Problem requirements: The entire listing, reproduced exactly and stripped of images, is the expected output.

Data for the task:

• • • • • • •

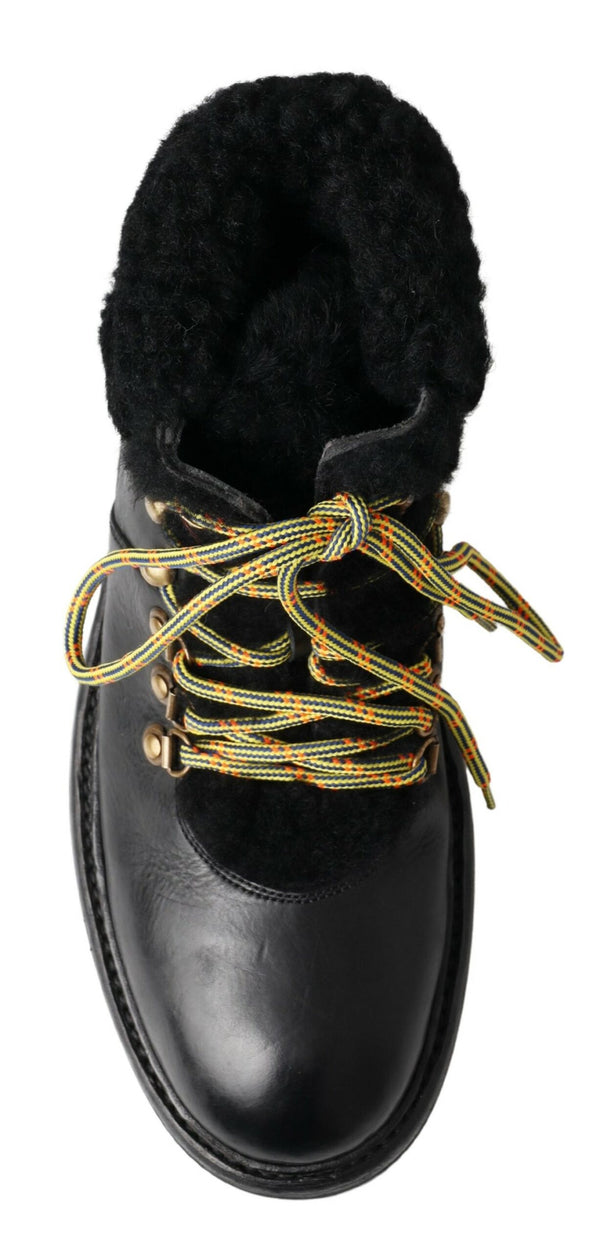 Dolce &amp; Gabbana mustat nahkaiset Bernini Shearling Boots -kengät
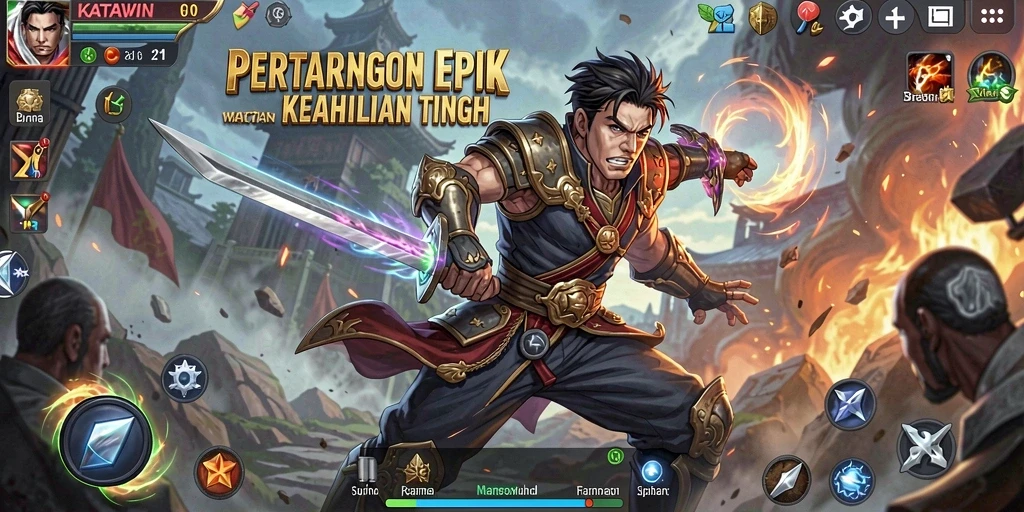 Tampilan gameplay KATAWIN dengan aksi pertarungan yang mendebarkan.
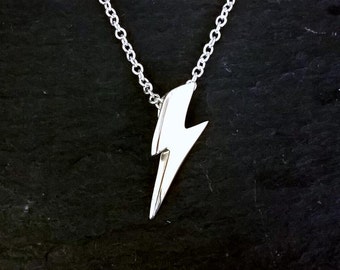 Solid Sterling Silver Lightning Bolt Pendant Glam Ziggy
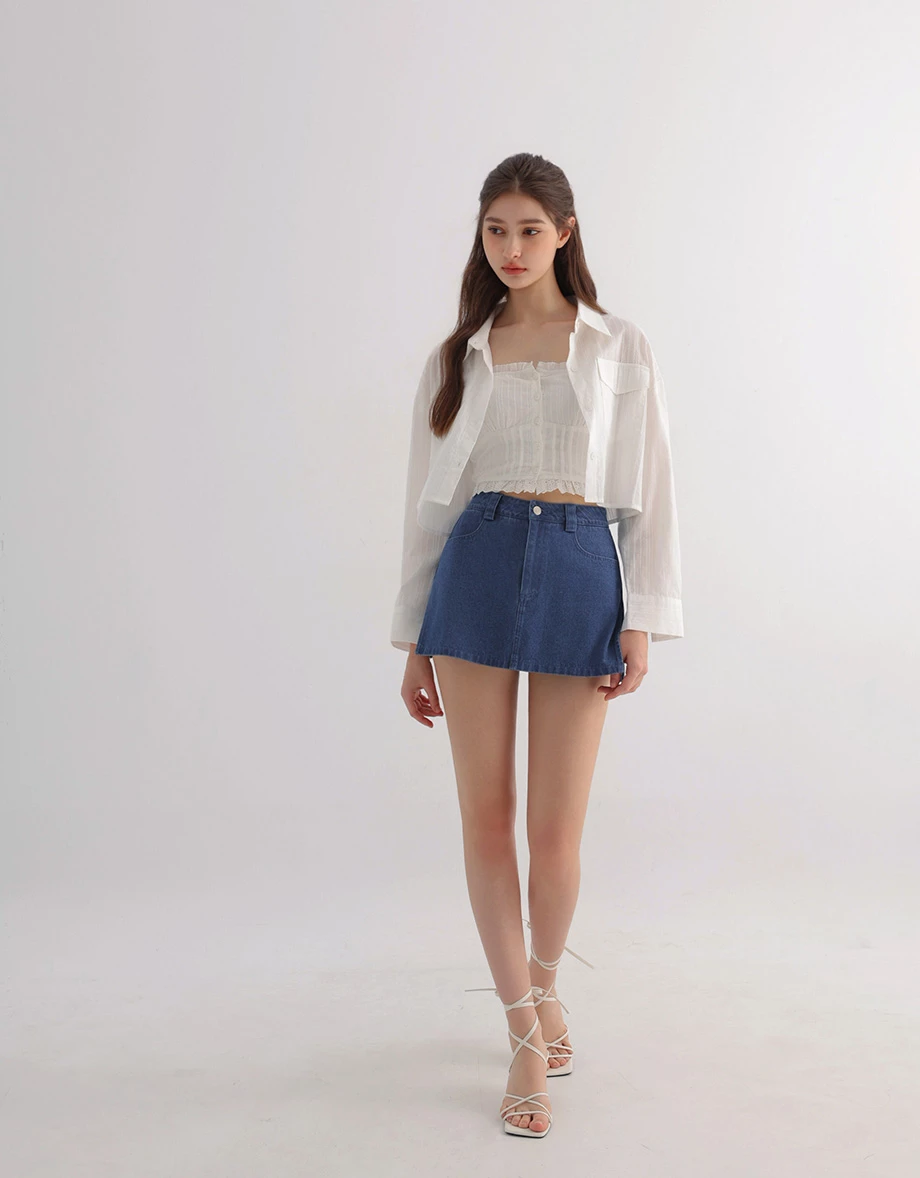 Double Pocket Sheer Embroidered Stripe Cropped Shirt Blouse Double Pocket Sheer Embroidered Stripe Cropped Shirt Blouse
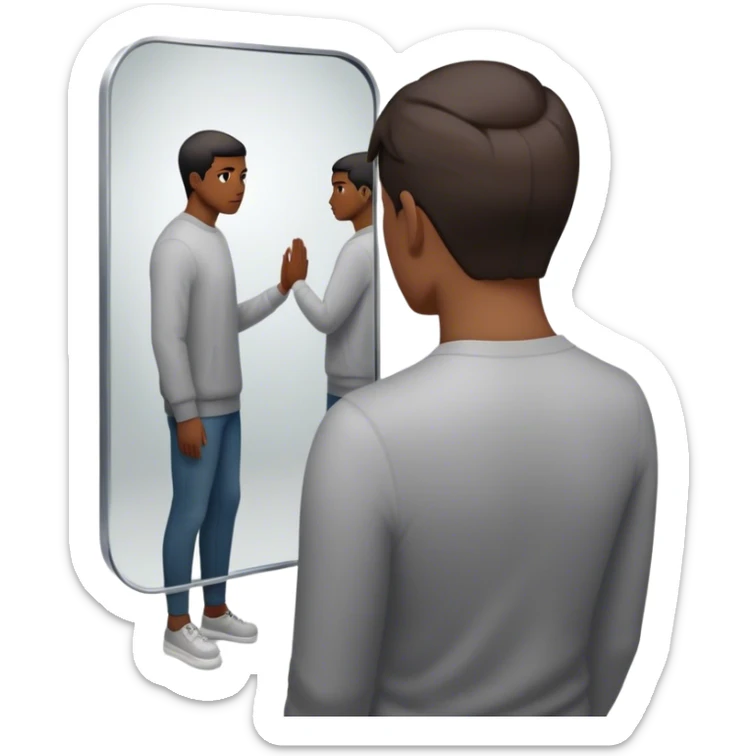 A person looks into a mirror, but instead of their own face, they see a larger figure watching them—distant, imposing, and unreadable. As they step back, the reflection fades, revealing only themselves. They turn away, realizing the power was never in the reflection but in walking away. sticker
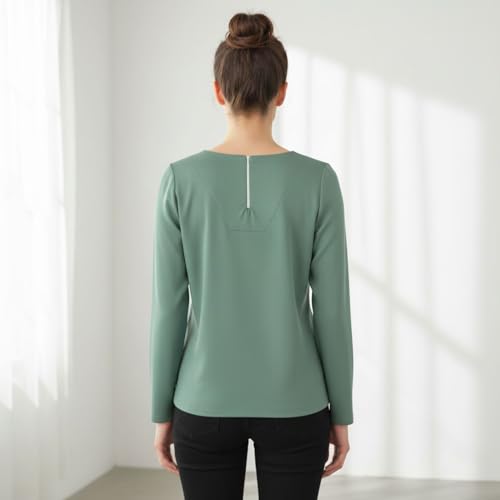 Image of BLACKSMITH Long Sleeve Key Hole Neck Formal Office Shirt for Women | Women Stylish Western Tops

• • • • • • •

Answer section:
 Dolce &amp; Gabbana mustat nahkaiset Bernini Shearling Boots -kengät
 Tampilan gameplay KATAWIN dengan aksi pertarungan yang mendebarkan.
 Solid Sterling Silver Lightning Bolt Pendant Glam Ziggy
 Double Pocket Sheer Embroidered Stripe Cropped Shirt Blouse Double Pocket Sheer Embroidered Stripe Cropped Shirt Blouse
 A person looks into a mirror, but instead of their own face, they see a larger figure watching them—distant, imposing, and unreadable. As they step back, the reflection fades, revealing only themselves. They turn away, realizing the power was never in the reflection but in walking away. sticker
 Image of BLACKSMITH Long Sleeve Key Hole Neck Formal Office Shirt for Women | Women Stylish Western Tops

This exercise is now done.